A system of equations is a collection of two or more equations with a set of unknowns. In mathematics, solving these equations requires finding values for the unknowns that satisfy all the equations at the same time.
In the exercise given, we encountered two equations:

• Equation 1: \(5u + 6v = 24\)
• Equation 2: \(3u + 5v = 18\)

These equations form a system because they share the same variables, \(u\) and \(v\). A solution to this system is a pair of numbers that make both equations true. Finding such a solution involves using various techniques like substitution or elimination.

Variable elimination is a strategic approach to solving systems of equations. The goal is to make one of the variables cancel out, allowing us to solve for the remaining variable more easily.
In our exercise, we chose to eliminate the variable \(v\) by manipulating the equations. We achieved this by:

• Multiplying the first equation by 5, making it \(25u + 30v = 120\)
• Multiplying the second by 6, resulting in \(18u + 30v = 108\)

This method, known as the elimination method, relies on the principle of adding or subtracting equations after aligning coefficients of one of the variables, leading to its cancellation. In this instance, subtracting the modified second equation from the first leaves us with one equation in \(u\).

After successfully eliminating a variable using the elimination method, the next step is to solve the remaining equation algebraically.
In our given problem, by cancelling out \(v\), we derived the equation \(7u = 12\). Solving this is straightforward:

• Divide both sides by 7, giving \(u = \frac{12}{7}\).

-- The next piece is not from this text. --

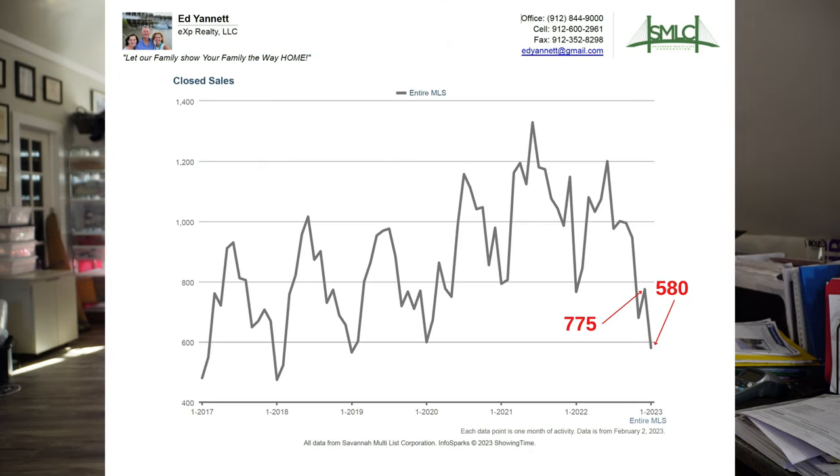Closed transactions are down to 580, which is really low — the lowest since 2017. It dipped down to about this level in 2018 as well, but that is really off compared to where we were a year to a year and a half ago. It's definitely going to take a little bit longer to sell your home, but homes are still selling.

Now, with \(u\) known, we substitute it back into one of the original equations to find \(v\). Utilizing Equation 2: \(3u + 5v = 18\), plugging in \(u = \frac{12}{7}\) leads us to a new expression to solve for \(v\):

• Solve for \(v\) to find \(v = \frac{54}{35}\).

Thus, we have our values for both unknowns.

Once solutions are found, it’s crucial to verify they are correct, especially in exams or real-world applications. This process, known as checking algebraically, confirms the solutions satisfy all given equations.
Let's substitute \(u = \frac{12}{7}\) and \(v = \frac{54}{35}\) back into the original equations:

• For Equation 1: \(5u + 6v = 24\), substitute: \(5(\frac{12}{7}) + 6(\frac{54}{35})\) should equal 24.
• For Equation 2: \(3u + 5v = 18\), substitute: \(3(\frac{12}{7}) + 5(\frac{54}{35})\) should equal 18.

In both cases, simplifying the left sides should verify that each equals the right side of the equation. This confirmation process validates that the solutions are not only mathematically correct but also applicable to the original equations, ensuring they work in context.